= Beginning of Section =

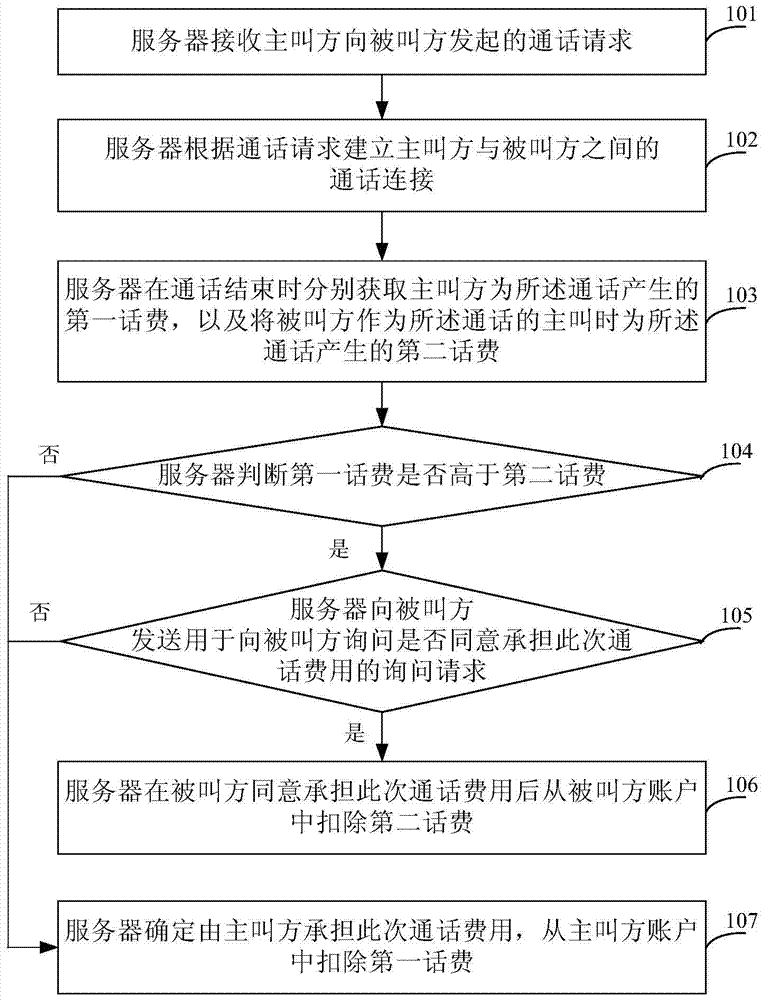 Intelligent billing method and server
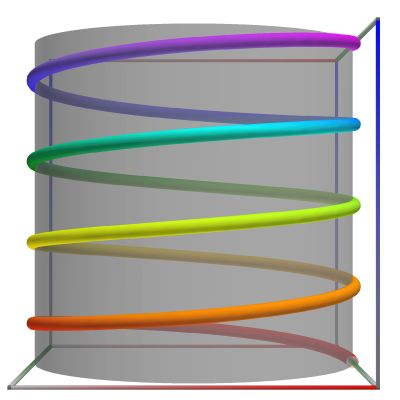 D01f_Path_SpiralCylindrical.3D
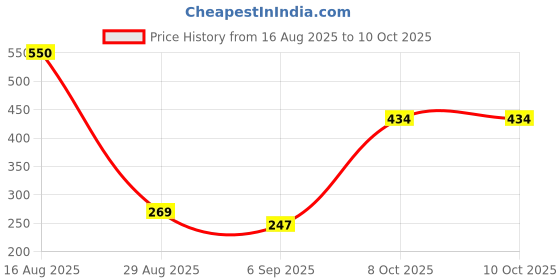 myntra.com Denver Men Set Of 2 SRK Maestro Autograph Collection Deodorants - 140 ml Each denver Price History Graph from 16 Aug 2025 to 9 Oct 2025
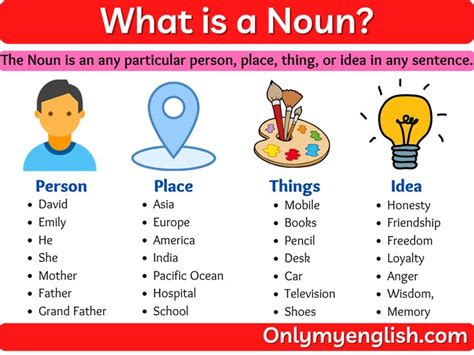 example of a noun idea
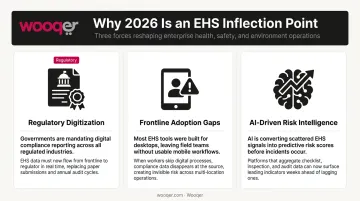 Three EHS compliance pressures reshaping organizations in 2026 breakdown infographic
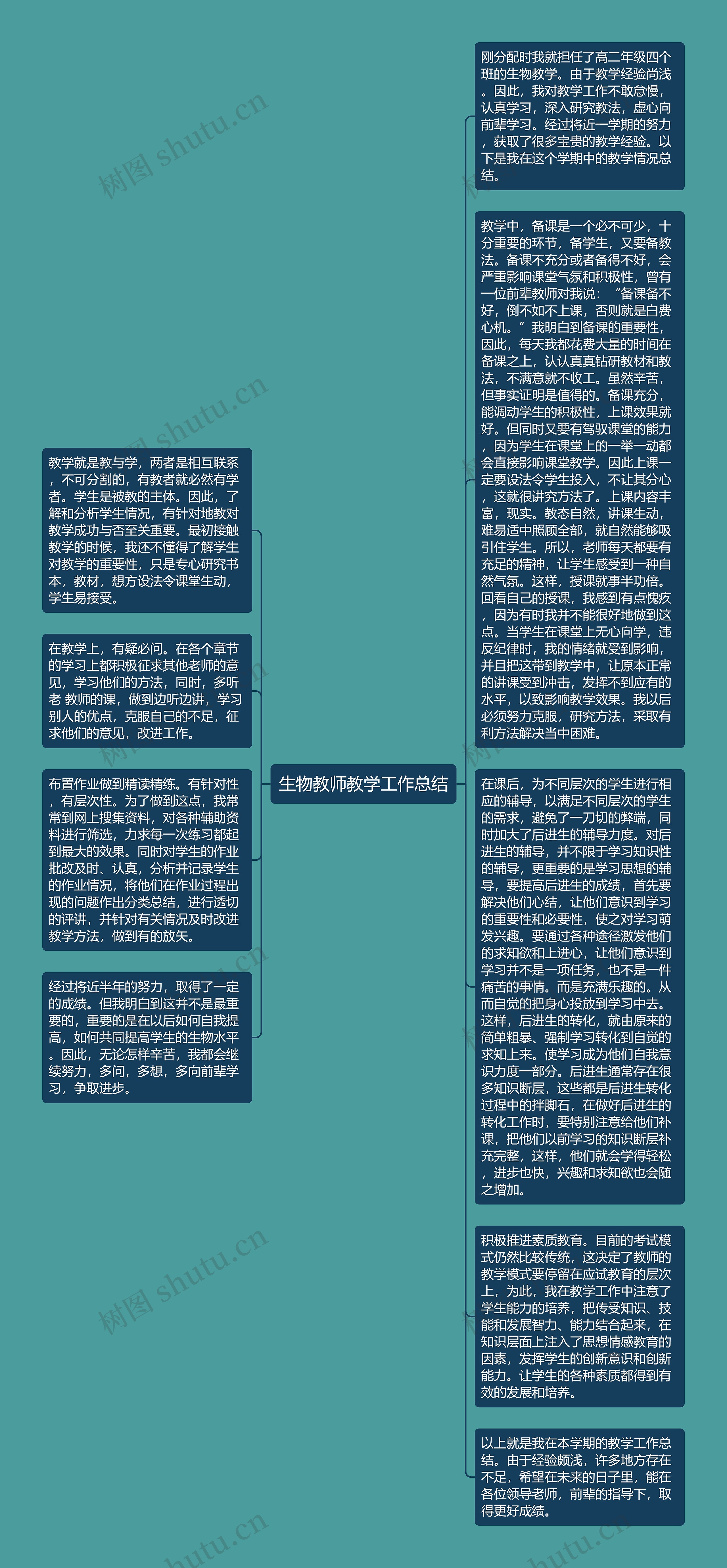 生物教师教学工作总结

= End of Section =

> ASSIGNMENT: Exactly the lines from the one holding "example of a noun idea" through the last line of the entries must be set down, with nothing added and no pictures.

> ANSWER AREA:
 example of a noun idea
 Three EHS compliance pressures reshaping organizations in 2026 breakdown infographic
 生物教师教学工作总结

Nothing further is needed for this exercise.